**ABOUT THIS TASK**:
Starting at the line that contains "Europe: We have all the diversity we need!", reproduce every line through the end of the entries below, with no pictures in the copy.

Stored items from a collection
☆ ☆ ☆

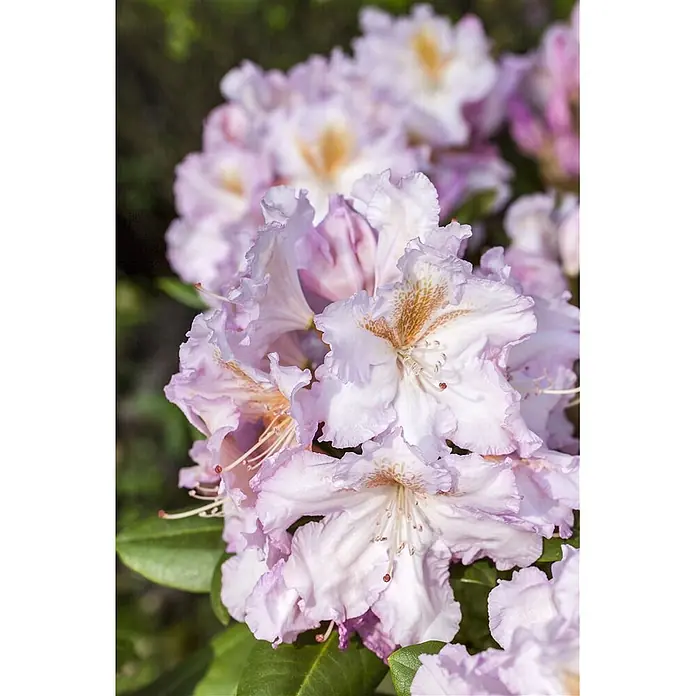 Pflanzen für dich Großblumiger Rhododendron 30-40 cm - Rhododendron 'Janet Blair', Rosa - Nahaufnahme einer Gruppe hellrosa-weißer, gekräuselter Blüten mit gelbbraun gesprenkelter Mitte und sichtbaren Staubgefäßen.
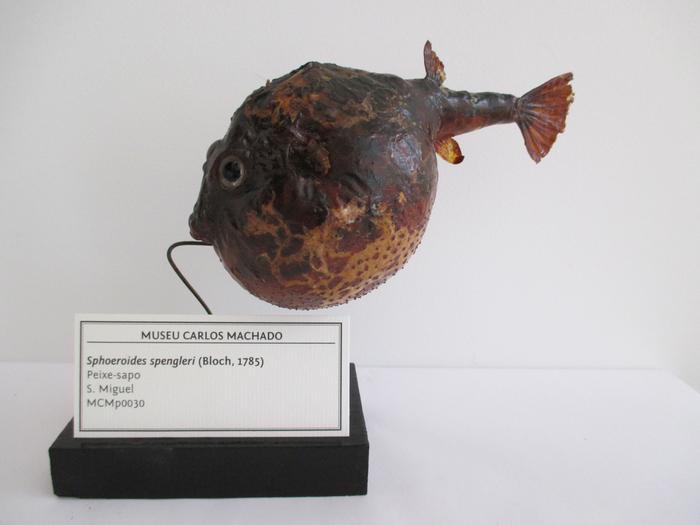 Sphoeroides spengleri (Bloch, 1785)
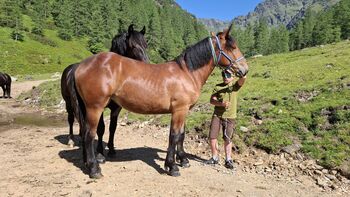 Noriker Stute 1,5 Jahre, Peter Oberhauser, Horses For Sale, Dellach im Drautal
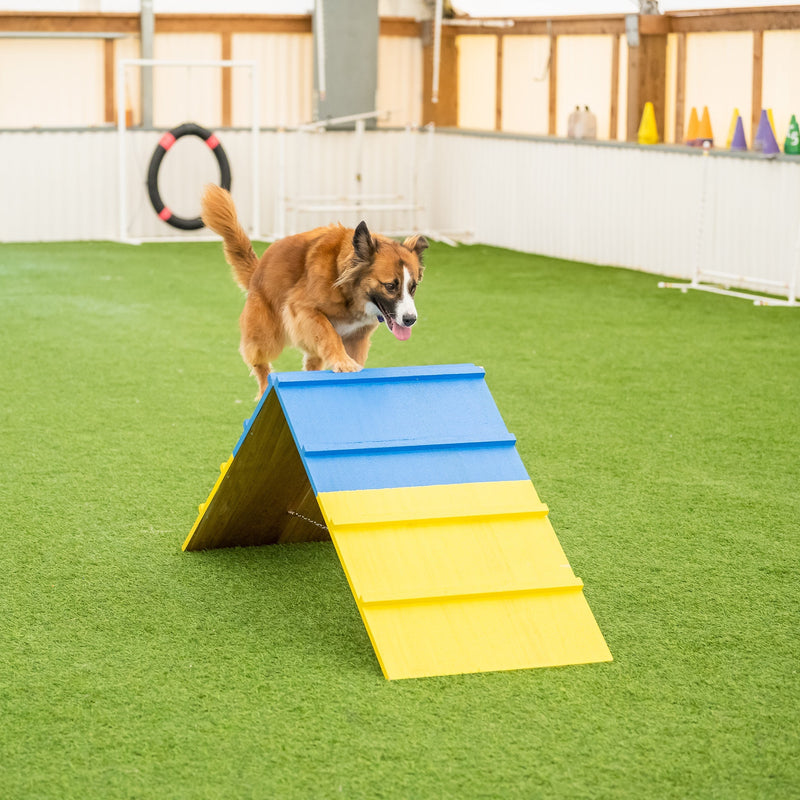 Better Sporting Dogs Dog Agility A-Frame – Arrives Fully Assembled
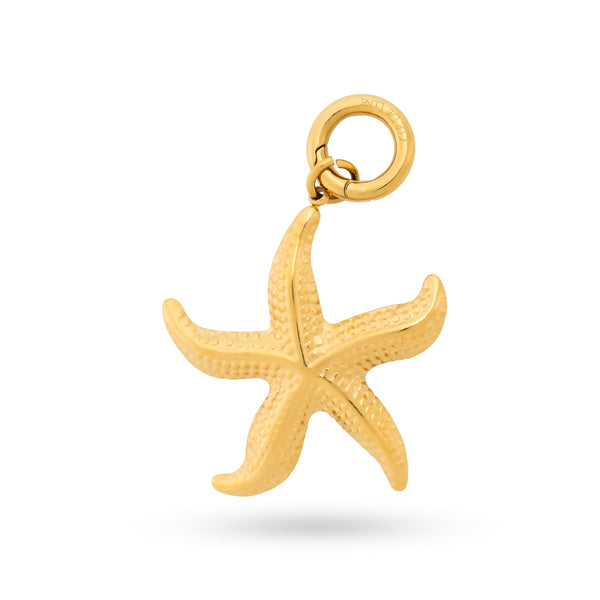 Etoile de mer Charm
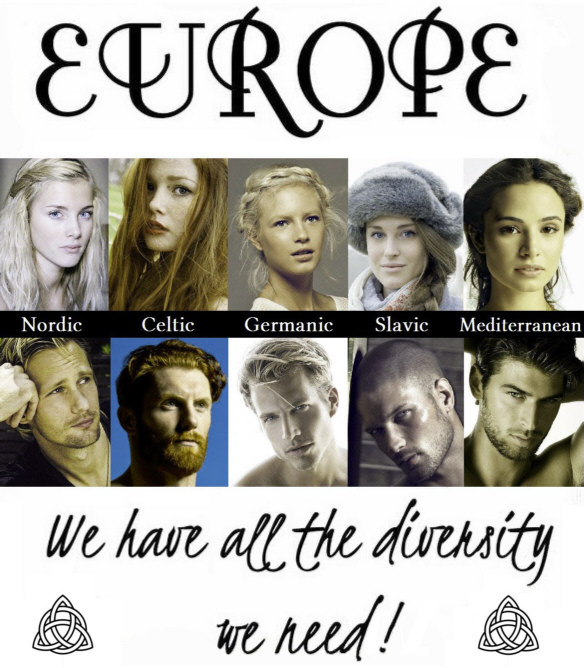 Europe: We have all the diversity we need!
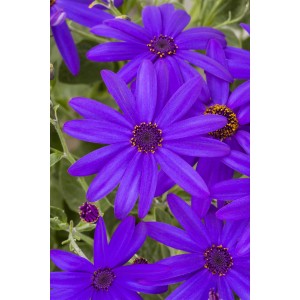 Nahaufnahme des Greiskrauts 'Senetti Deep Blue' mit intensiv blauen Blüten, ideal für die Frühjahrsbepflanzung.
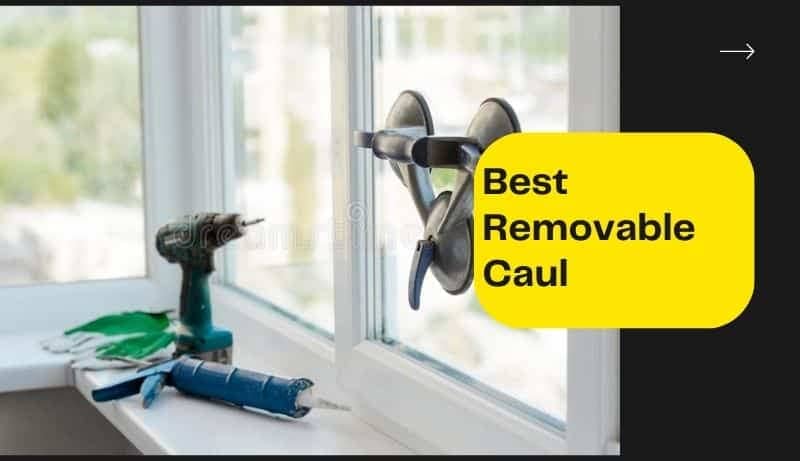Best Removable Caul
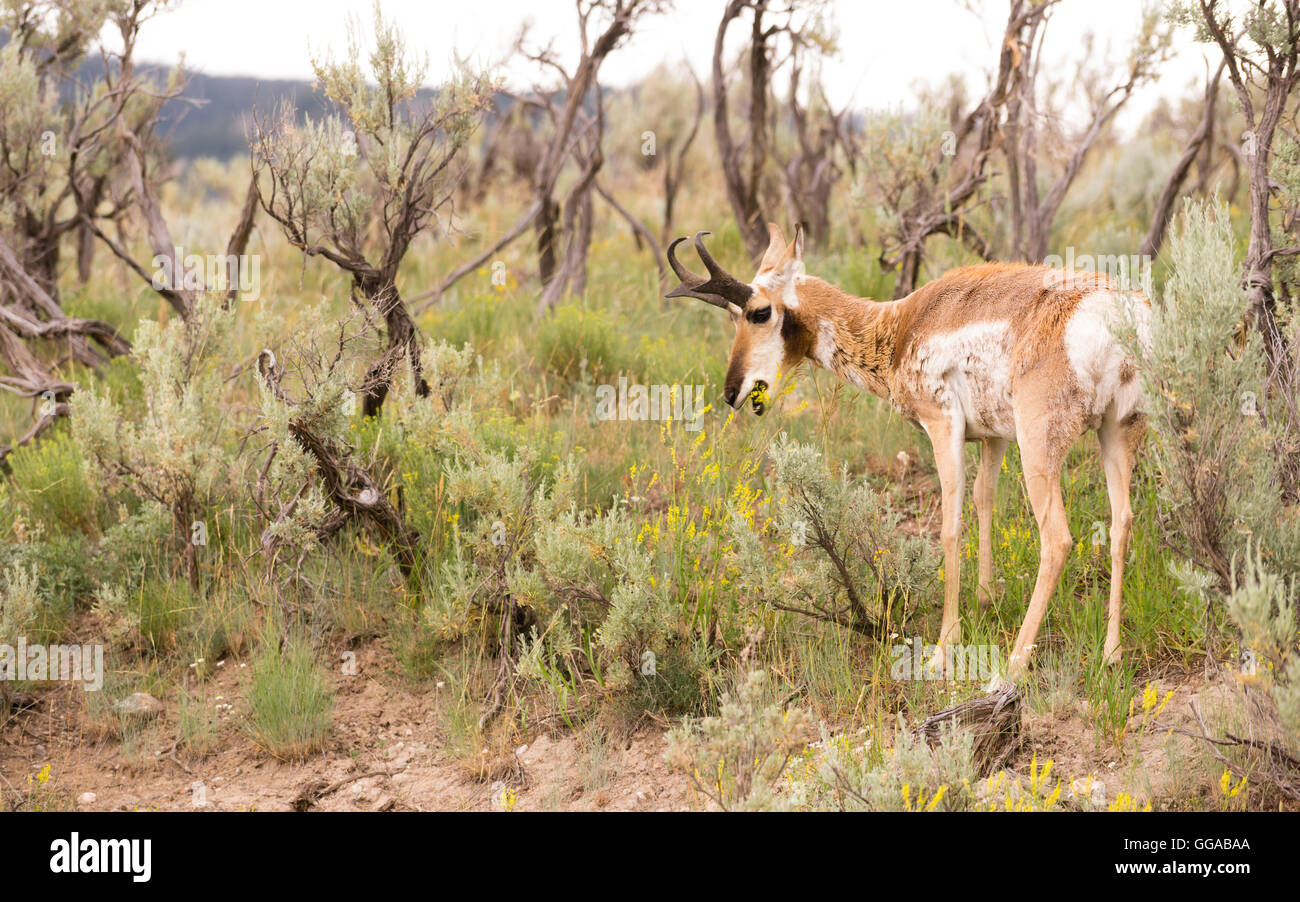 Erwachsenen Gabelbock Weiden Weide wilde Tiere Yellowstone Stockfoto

☆ ☆ ☆

**ANSWER TO THE EXERCISE**:
 Europe: We have all the diversity we need!
 Nahaufnahme des Greiskrauts 'Senetti Deep Blue' mit intensiv blauen Blüten, ideal für die Frühjahrsbepflanzung.
Best Removable Caul
 Erwachsenen Gabelbock Weiden Weide wilde Tiere Yellowstone Stockfoto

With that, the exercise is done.